Here is my config json file(/tmp/json_import_config.json).

{
  "config": {
    "log": "debug"
},
"source" : {
"file": { "path": "/tmp/databases/test_data1/database.json" }
},
"extractor" : {
"json": {}
},
"transformers": [
    {
      "log": {}
    }
],
"loader" : {
    "orientdb": {
      "dbURL": "plocal:/opt/orientdb/databases/example3",
      "dbUser": "admin",
      "dbPassword": "admin",
      "dbAutoDropIfExists": true,
      "dbAutoCreate": true,
      "standardElementConstraints": false,
      "tx": false,
      "wal": false,
      "batchCommit": 1000,
      "dbType": "document",
      "classes": [{"name": "Account"}]
   }
 },
 "end": []
}

Here the command that I am using.

./oetl.sh /tmp/json_import_config.json

Here is the output ....

OrientDB etl v.2.2.20 (build 76ab59e72943d0ba196188ed100c882be4315139) https://www.orientdb.com
[file] INFO Load from file /tmp/databases/test_data1/database.json
[orientdb] INFO Dropping existent database 'plocal:/opt/orientdb/databases/example3'...
BEGIN ETL PROCESSOR
[file] INFO Reading from file /tmp/databases/test_data1/database.json with encoding UTF-8
Started execution with 1 worker threads
+ extracted 0 entries (0 entries/sec) - 0 entries -> loaded 0 documents (0 documents/sec) Total time: 1000ms [0 warnings, 0 errors]
[orientdb] DEBUG - OrientDBLoader: created class 'Account'
[orientdb] DEBUG orientdb: found 0 documents in class 'null'
Start extracting
[0:log] DEBUG Transformer input: {id:1,name:xyz}
Extraction completed
[0:log] INFO {id:1,name:xyz}
[0:log] DEBUG Transformer output: {id:1,name:xyz}
Pipeline execution halted

2018-12-06 13:47:41:386 SEVER {db=example3} ETL process halted: com.orientechnologies.orient.etl.OETLProcessHaltedException: Cannot insert new document {id:1,name:xyz} because it has not class [OETLProcessor$OETLPipelineWorker][orientdb] INFO committing
Pipeline worker done without errors: false
END ETL PROCESSOR
+ extracted 3 entries (15 entries/sec) - 3 entries -> loaded 0 documents (0 documents/sec) Total time: 1190ms [0 warnings, 1 errors]

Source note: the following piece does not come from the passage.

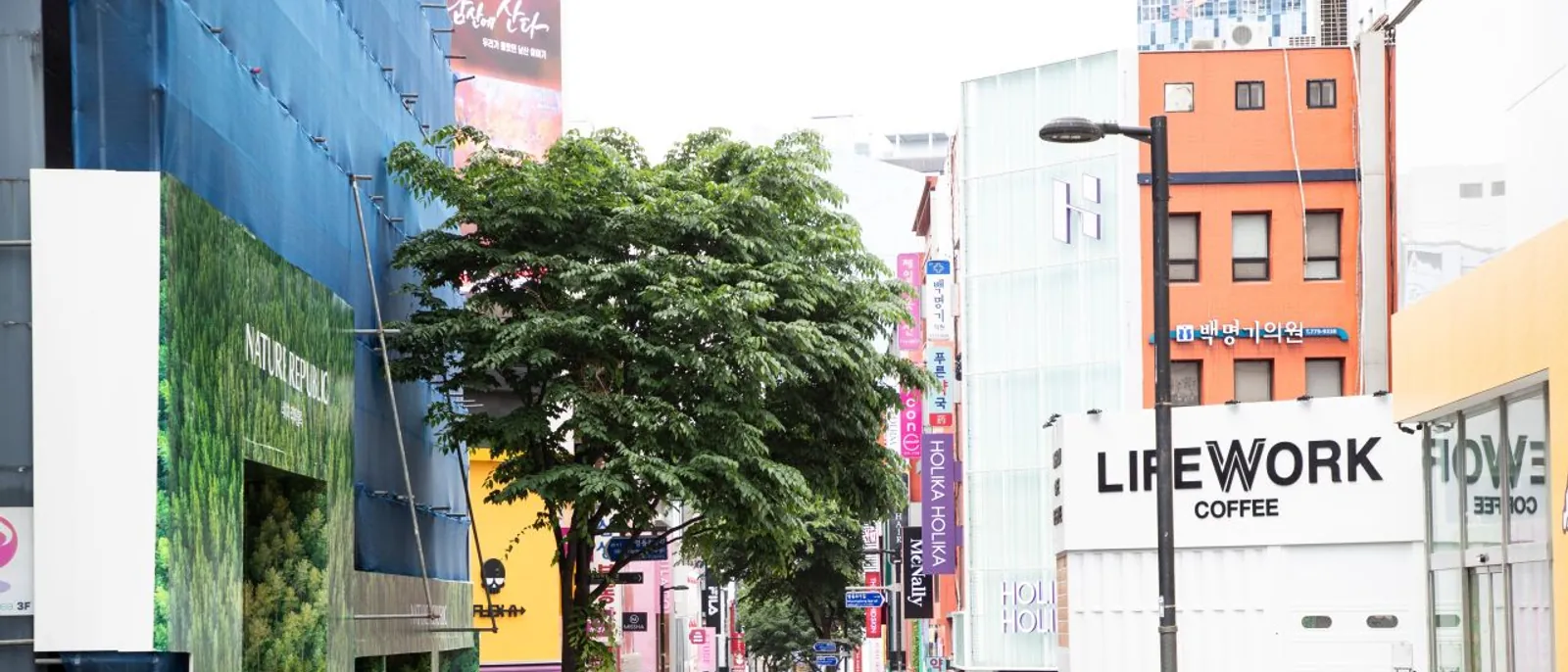 Negozi e numerosi passanti in una vivace via dello shopping di Myeongdong, a Seoul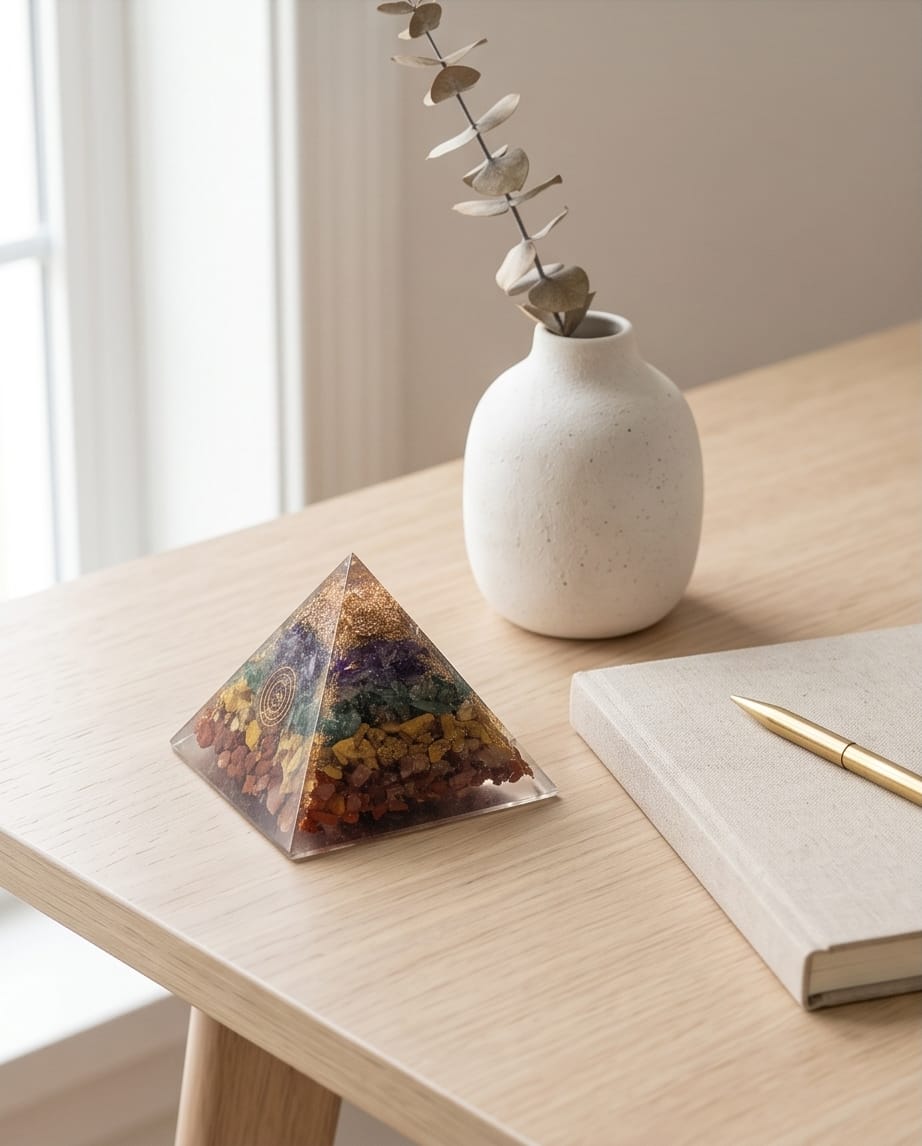 Seven chakra orgonite pyramids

Need help in resolving this issue. Also would like to know if OrientDB is a good choice for using it only as a document store since did not find many use cases around it. Most of the uses cases are w.r.t. Graph.


Solution

  • You're configuration it's almost right, you need to assign the class to each document being processed by the pipeline. Add a field transformer that set the class name:

    "transformers": [
    {
      "log": {}
    },
    {
      "field": {
        "fieldName": "@class",
        "value": "Account"
      }
    }],
    

    I tested locally, this is the output from console:

        orientdb {db=docDb}> select from Account
    
    +----+-----+-------+----+----+
    |#   |@RID |@CLASS |id  |name|
    +----+-----+-------+----+----+
    |0   |#25:0|Account|1   |xyz |
    |1   |#26:0|Account|2   |pqr |
    |2   |#27:0|Account|3   |abc |
    +----+-----+-------+----+----+
    
    3 item(s) found. Query executed in 0.006 sec(s).